== Record excerpts

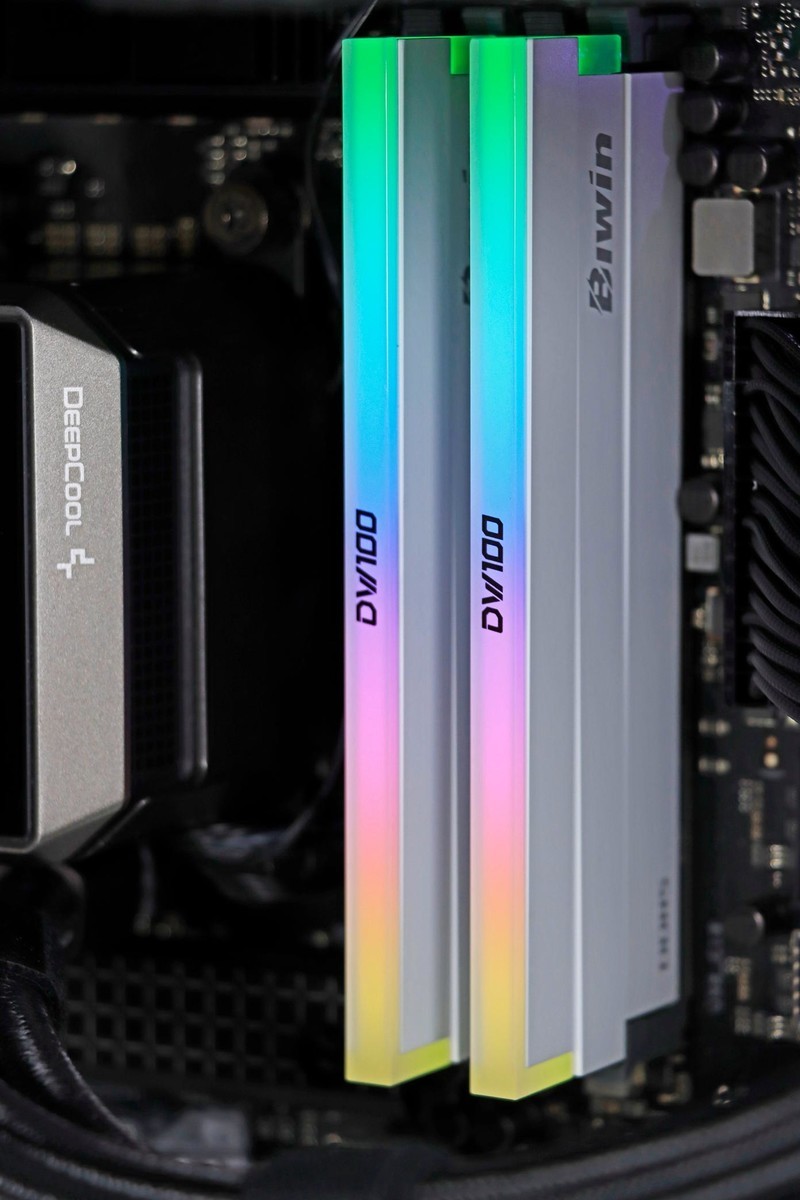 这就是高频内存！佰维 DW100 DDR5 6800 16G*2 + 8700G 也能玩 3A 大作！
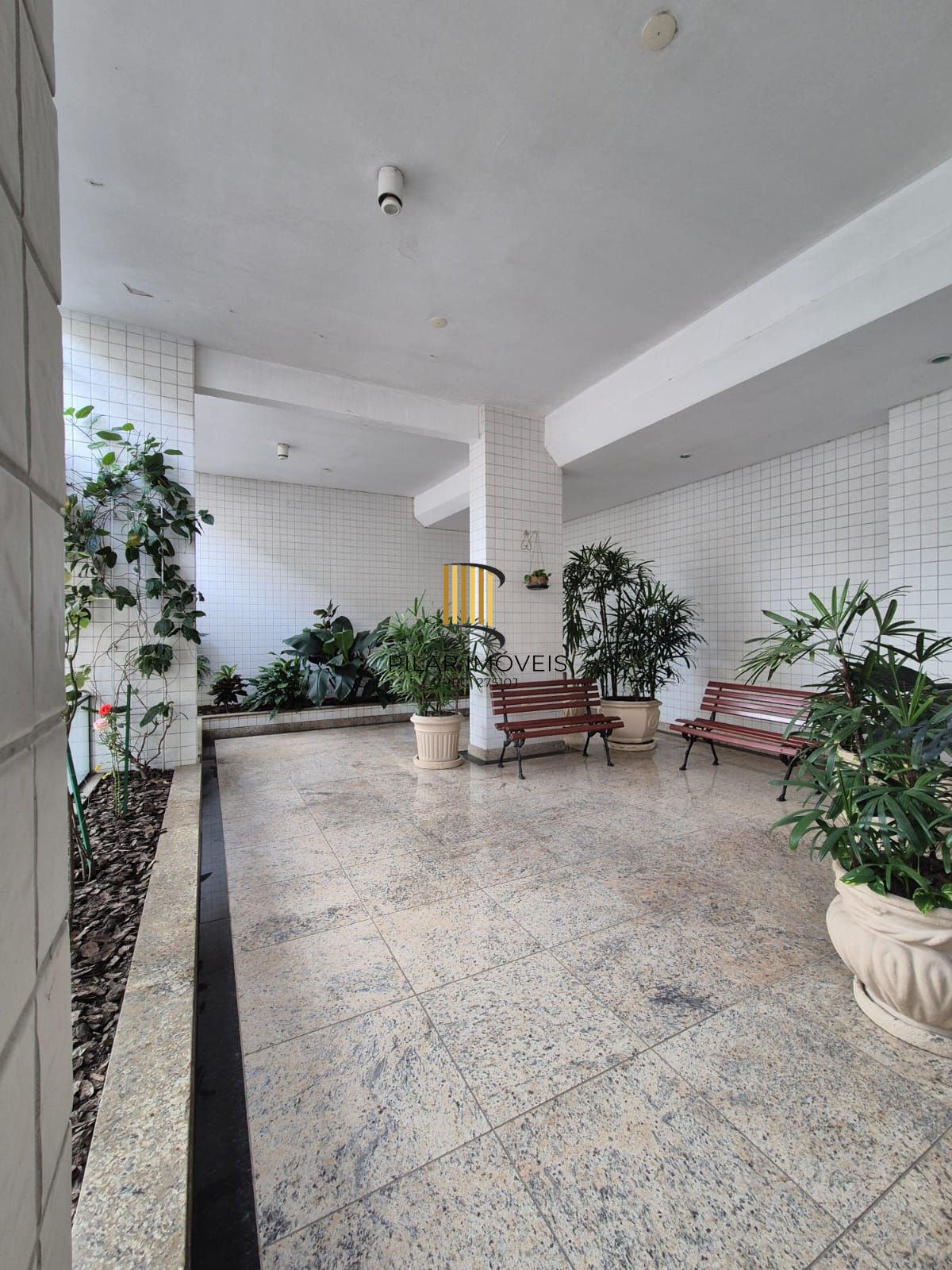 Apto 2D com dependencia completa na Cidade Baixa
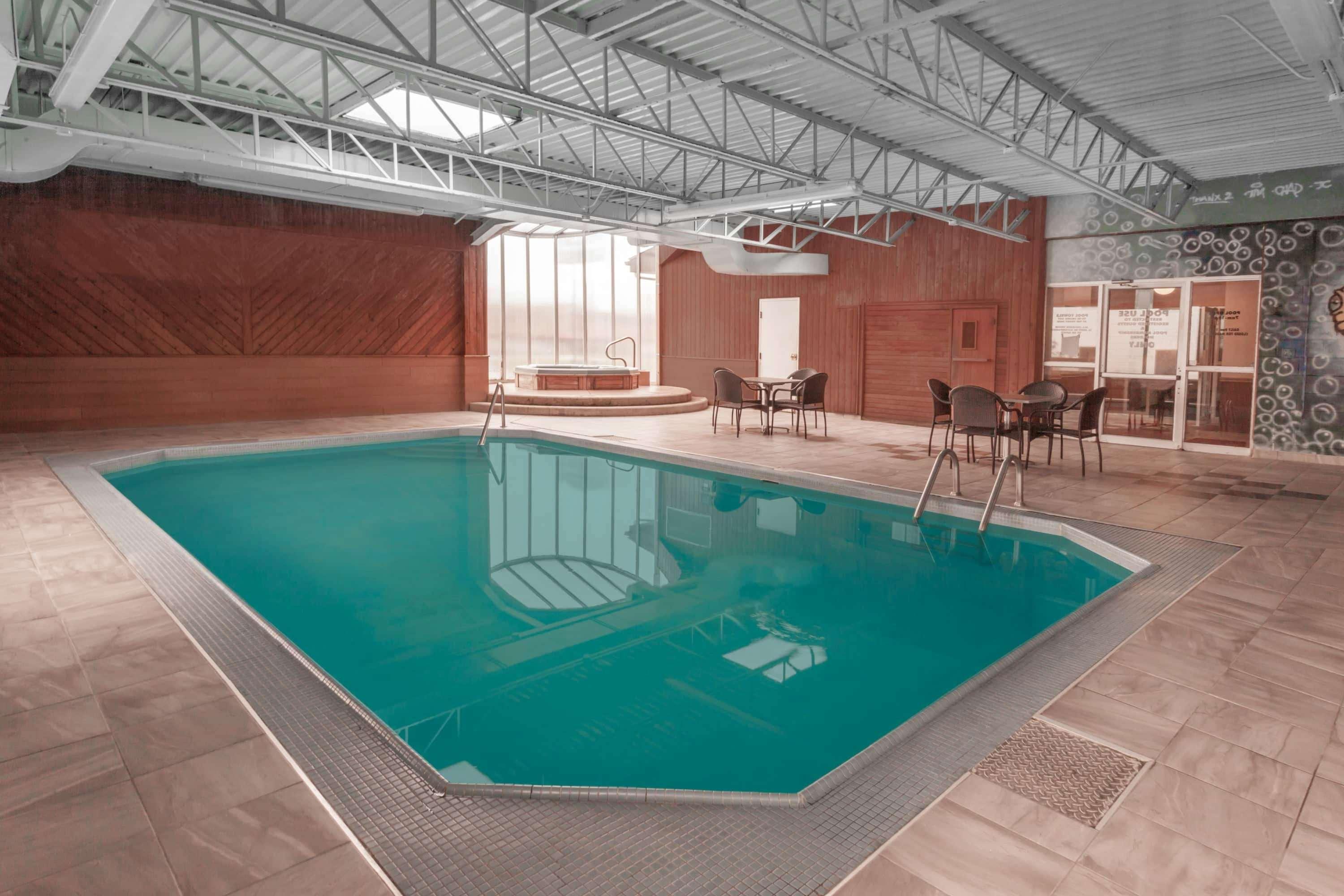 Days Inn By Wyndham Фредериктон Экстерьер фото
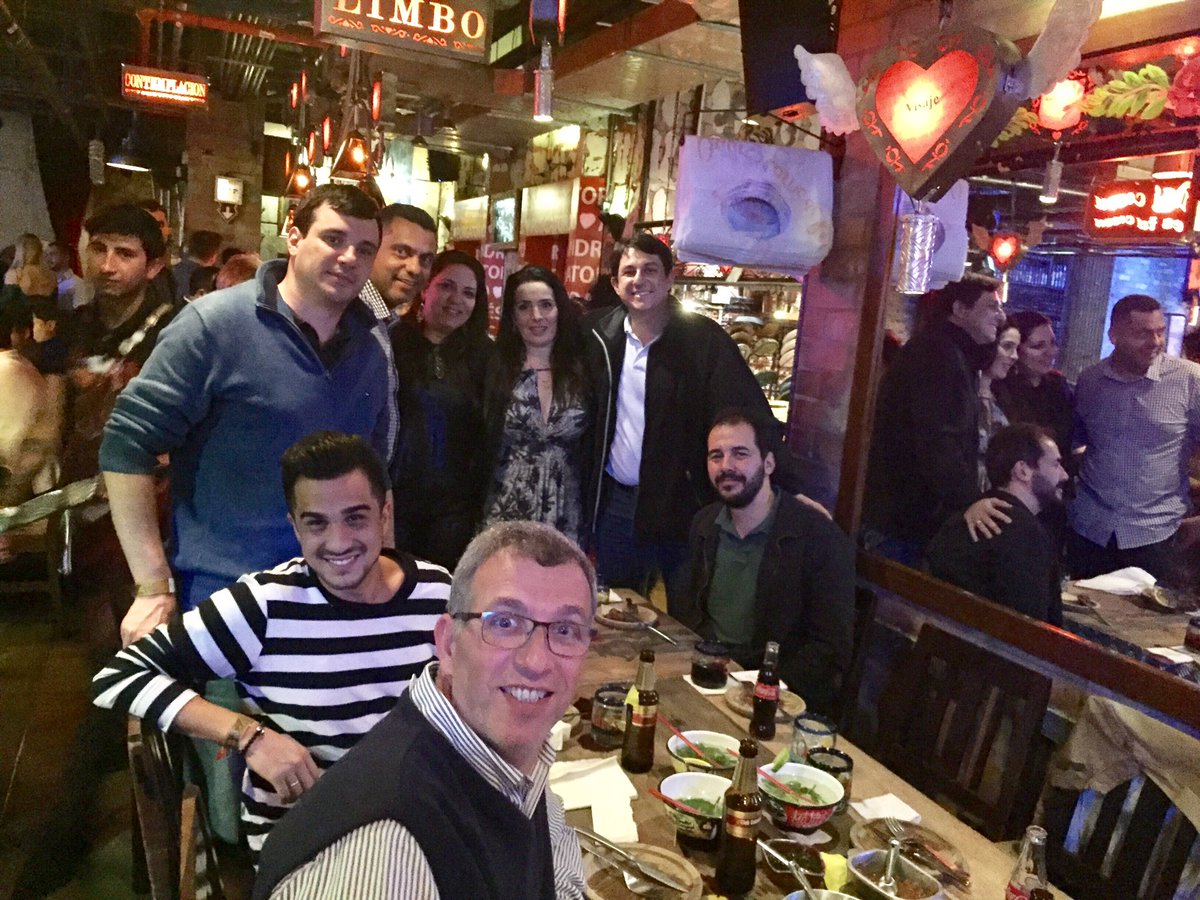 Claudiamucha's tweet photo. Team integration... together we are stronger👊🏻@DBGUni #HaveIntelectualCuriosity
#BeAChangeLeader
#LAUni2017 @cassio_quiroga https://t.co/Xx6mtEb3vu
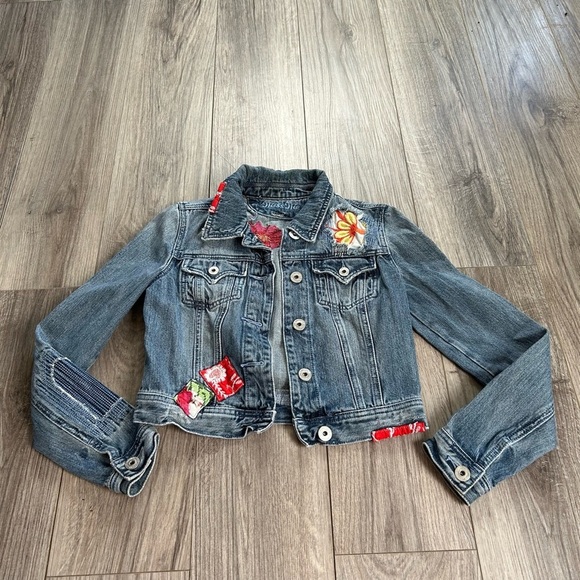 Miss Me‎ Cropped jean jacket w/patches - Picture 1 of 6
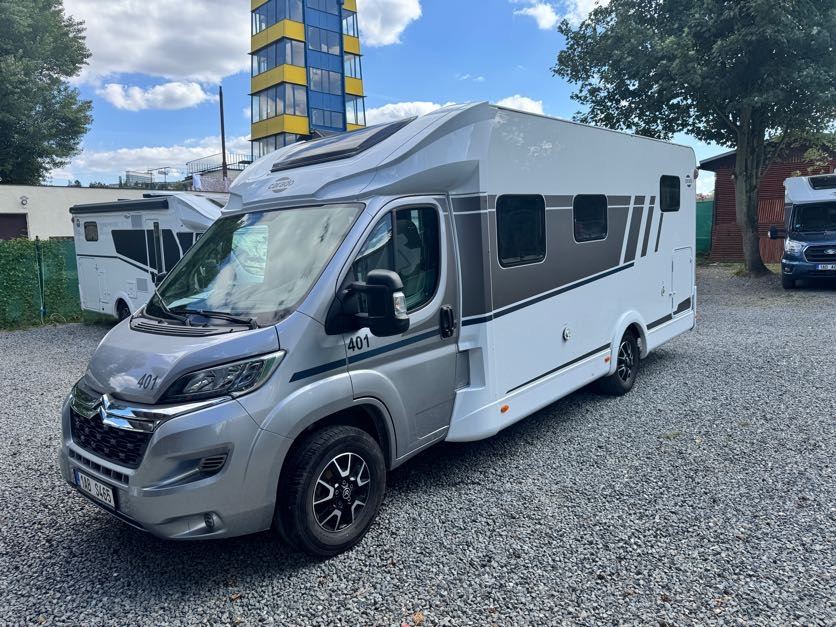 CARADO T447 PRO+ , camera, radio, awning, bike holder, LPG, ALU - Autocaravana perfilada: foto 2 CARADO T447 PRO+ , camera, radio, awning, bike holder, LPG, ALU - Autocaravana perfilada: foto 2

====

• _Exercise instructions_
Omitting the images, copy the listing exactly.

• _Answer to this task_
 这就是高频内存！佰维 DW100 DDR5 6800 16G*2 + 8700G 也能玩 3A 大作！
 Apto 2D com dependencia completa na Cidade Baixa
 Days Inn By Wyndham Фредериктон Экстерьер фото
 Claudiamucha's tweet photo. Team integration... together we are stronger👊🏻@DBGUni #HaveIntelectualCuriosity
#BeAChangeLeader
#LAUni2017 @cassio_quiroga https://t.co/Xx6mtEb3vu
 Miss Me‎ Cropped jean jacket w/patches - Picture 1 of 6
 CARADO T447 PRO+ , camera, radio, awning, bike holder, LPG, ALU - Autocaravana perfilada: foto 2 CARADO T447 PRO+ , camera, radio, awning, bike holder, LPG, ALU - Autocaravana perfilada: foto 2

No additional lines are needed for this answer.